Nasza Loteria SR - pasek na kartach artykułów

Podpowiadamy, jak zadbać o czystość w samochodzie

Bartosz Gubernat
Bartosz Gubernat
Pachnące i czyste wnętrze samochodu zachęca do jazdy. Nawoskowana, lśniąca karoseria przyciąga zazdrosne spojrzenia innych kierowców. Natłuszczone, czarne jak węgiel opony dopełniają całości.

Wiosna i lato to czas, kiedy samochód można umyć samemu, obok garażu. O ile na myjni czyszczenie nie zawsze jest dokładne, to samodzielnie z auta można zrobić prawdziwe cacko.

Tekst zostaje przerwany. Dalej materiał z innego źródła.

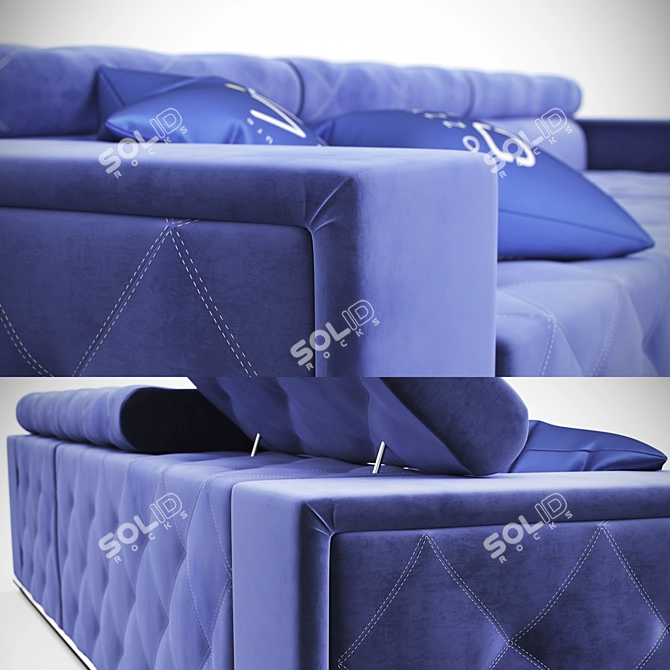 Elegant Modern Polo Sofa 3D model image 2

Szampon z woskiem na początek

Czyszczenie auta najlepiej zacząć od mycia karoserii. Najlepiej letnia wodą z dodatkiem szamponu, który pomoże rozpuścić brud. Aby lakier z powrotem wyglądał jak nowy po dokładnym umyciu i wytarciu irchą trzeba go nabłyszczyć pastą lub mleczkiem. Kosmetyki należy dobrać w oparciu o stan zużycia lakieru.

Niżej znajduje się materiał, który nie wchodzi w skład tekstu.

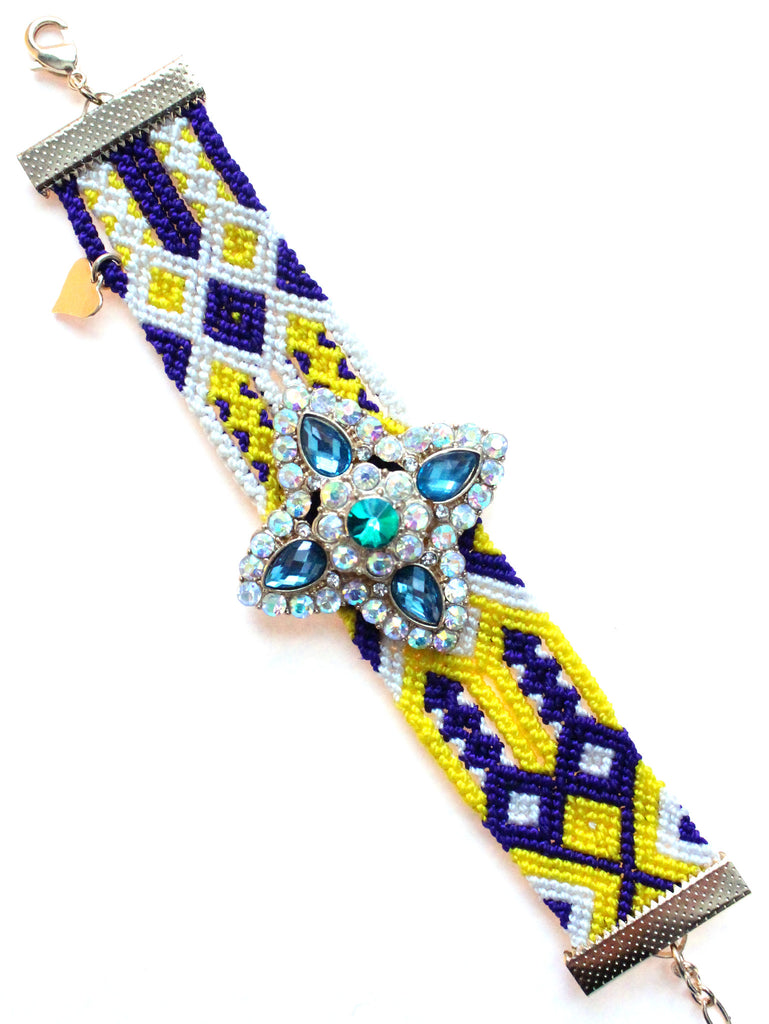 Folkloric Crafted Sparkle Star Pendant Bracelet- 5 Color Options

Jeśli auto jest młode, a lakier jest w dobrym stanie, wymaga tylko delikatnego odświeżenia. Wówczas stosujemy mleczko nabłyszczające (np. Plastmal, cena 9,5 zł za opakowanie). Wykonując koliste ruchy wcieramy je w suchy lakier i polerujemy aż do uzyskania połysku. Do bardziej zniszczonego, matowego i porysowanego lakieru będziemy potrzebowali pasty lekko ściernej (np. Tempo, cena ok. 8 zł). Przy użyciu miękkiej szmatki trzeba natrzeć nią karoserie, a następnie po wyschnięciu wypolerować. Zaletą takich past jest zdolność usuwania lekkich zarysowań i przebarwień lakieru.

Listwy można natłuścić

Specjalnej pielęgnacji wymagają też plastikowe elementy nadwozia. Zderzaki, listwy, osłony progów, chlapacze po myciu zazwyczaj tracą swój kolor. Bardzo łatwo można jednak przywrócić im elegancki wygląd.

Jak to zrobić? Po osuszeniu wystarczy natrzeć je preparatem natłuszczającym. Najpopularniejsze na rynku są spraye do ich spryskiwania. Sprawdzonym, domowym sposobem jest tez olejek silikonowy, który dobrze wnika w plastik i zapewnia ładny wygląd na dłużej. Duże opakowanie sprayu wystarczające na kilka myć to wydatek ok. 10-15 zł.

Opony i felgi jak nowe

Czy opony z czasem muszą stracić wyrazisty kolor? Nie koniecznie. Wystarczy po każdym myciu nacierać je mleczkiem lub pianką pielęgnacyjną. Oprócz właściwości czyszczących takie preparaty znakomicie konserwują też gumę, przez co jest odporna na zmienne warunki atmosferyczne i uszkodzenia.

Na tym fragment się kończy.